◆ **RECORDED DATA**:
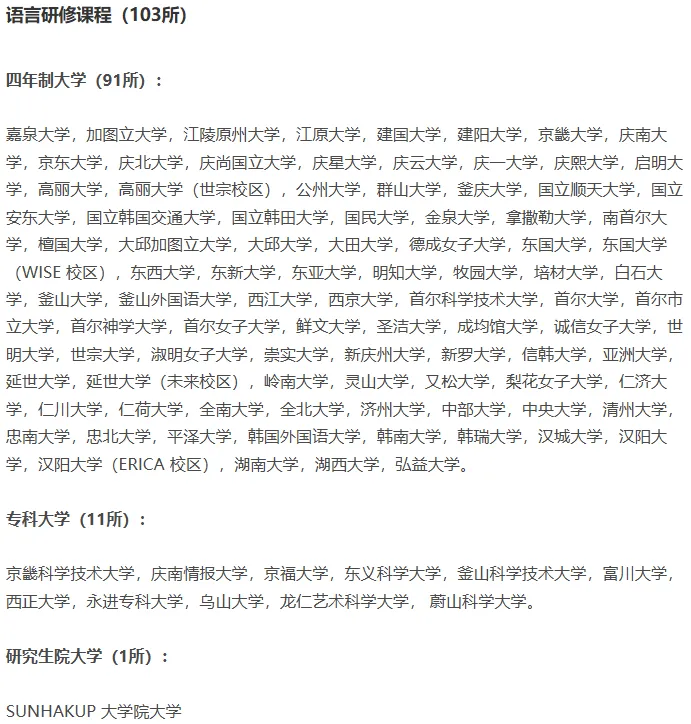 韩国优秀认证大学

---

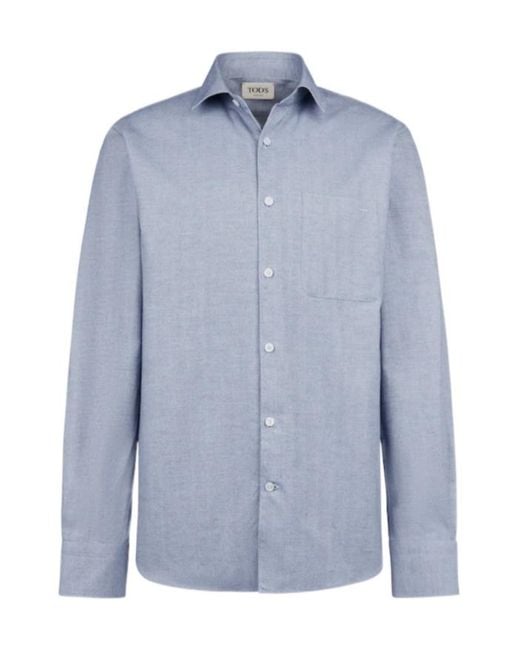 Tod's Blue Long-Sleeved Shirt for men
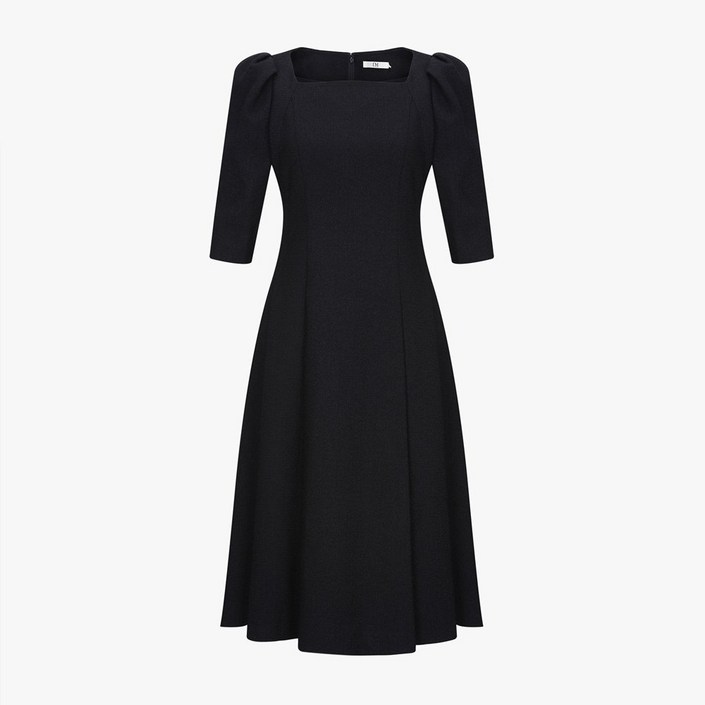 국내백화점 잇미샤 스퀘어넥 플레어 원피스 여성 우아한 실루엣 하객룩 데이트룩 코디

◆ **ASSIGNMENT**: A word-for-word reproduction is needed of the lines above from the line containing "Tod's Blue Long-Sleeved Shirt for men" through the line containing "국내백화점 잇미샤 스퀘어넥", with both ends kept and no pictures.

◆ **COMPLETED EXERCISE**:
 Tod's Blue Long-Sleeved Shirt for men
 국내백화점 잇미샤 스퀘어넥 플레어 원피스 여성 우아한 실루엣 하객룩 데이트룩 코디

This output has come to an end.